Adımı dudaklarıma fısıldadığında az önce ki Tanrı olayını dışımdan söylediğim için kendime sonsuz küfürlerimi armağan ediyordum. Aferim Julia! Tanımadığın bir adama dediğin şeye bak? Tanımadığın adamın evindesin, Hatta banyosunda yıkandın ve az önce boynunu öptü en kötüsü de şuan dudaklarına doğru yol alıyor Julia! Irkilip geri çekildiğimde Harry anlayışla başını salladı. Sonuçta ona karşı bir şey hissetmiyordum (!) Dimi ama? Yani öyle olmalı! Bence öyle!!

"B-Ben özür dilerim. Sa-Sadece şey yani ben giyinsem iyi olacak !"


Gülümseyip kapıya doğru adımladiginda derin bir oh çektim. Az önce öpüşecek miydik biz? Ah tanrım sen beni affet. Hızla dolaba ilerleyip içinden siyah dar bir sporcu tayti aldım. Üzerine de uyumlu bir sporcu bustiyeri giydiğimde tamamdır. Göbeğim açıkta kalıyordu ama sorun değildi.
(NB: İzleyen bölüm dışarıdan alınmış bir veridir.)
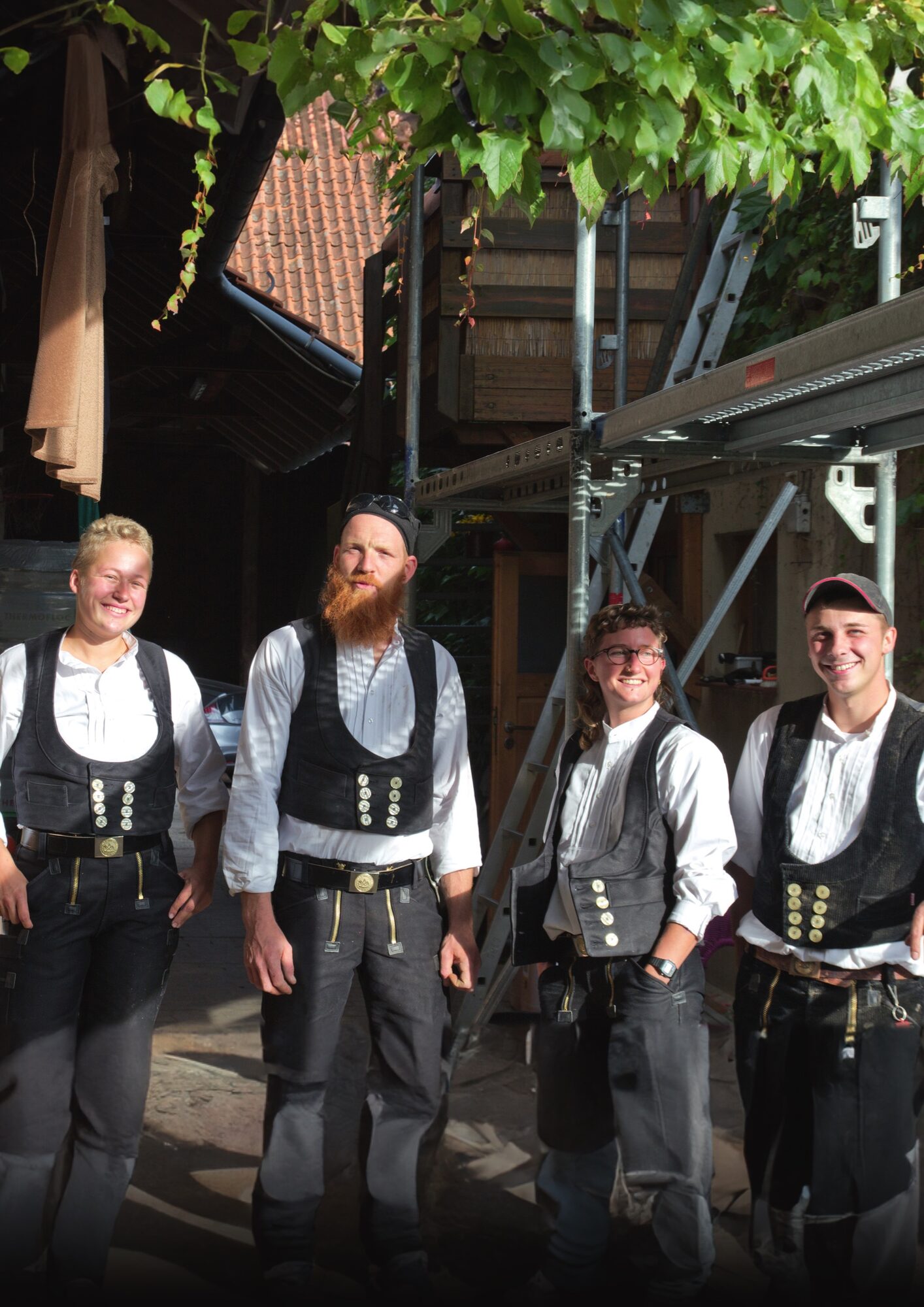 EIKO Handwerker-Team in Zunftkleidung auf der Baustelle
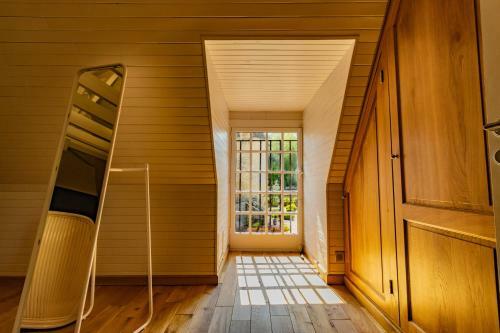 Villa Avec Piscine Sur Le Domaine D'un Ch�teau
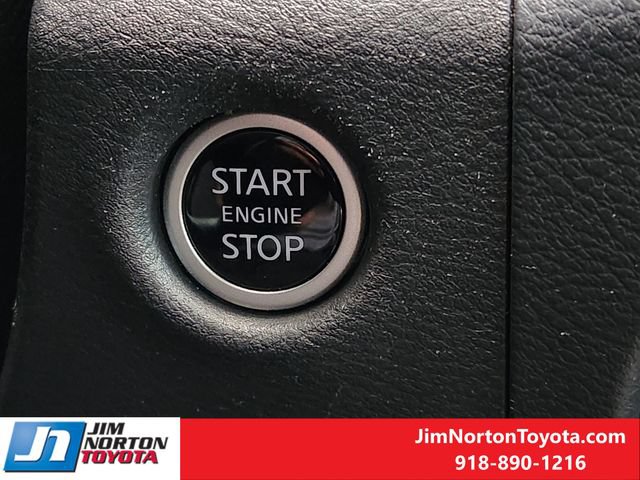 Used 2024 Nissan Frontier SV AWD/4WD image 22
Saçlarımı havluyla kurup maviye boyanan havluyu kirliliği fırlattım. Çalışma masasının çekmecesinden bulduğum duzlestiriciyi saçlarıma yönlendirdim.  Sonunda duzlestiginde hazırdım. Saçlarım mükemmel görünüyordu. Kahverenginden yavaş yavaş turkuaz ve maviye Geçen tonu çok hoşuma gitmişti. Kısa olması da rahatsız etmiyordu. Spor ayakkabılarımı ayağıma geçirip merdivenlere yöneldim. Içeriden gelen konuşma sesleri kapıda durup dinlememe yol açmıştı. Bir dakika Burası elma suyu kokuyordu. En kısa zamanda buranın deterjaninin değişmesi gerektiğini aklıma not ettim. Harry sinirli sinirli konuşmaya devam ediyordu.



"....... dedim. Tamam Zayn. Bebek değilim. Ve o çok iyi. Julia yi merak etme tamam mı? O burda güvende. Şimdi kapatmak zorundayım. "



Telefonu kapatıp arkasını döndüğünde beni gördü. Gözleri irice açılmış ne olduğunu anlamaya çalışıyordu.


"Sanırım konuşmanızı böldüm."


Hemen yanıma gelip önümde dikildi. Yeşil gözleri bedenimi delip geçiyordu.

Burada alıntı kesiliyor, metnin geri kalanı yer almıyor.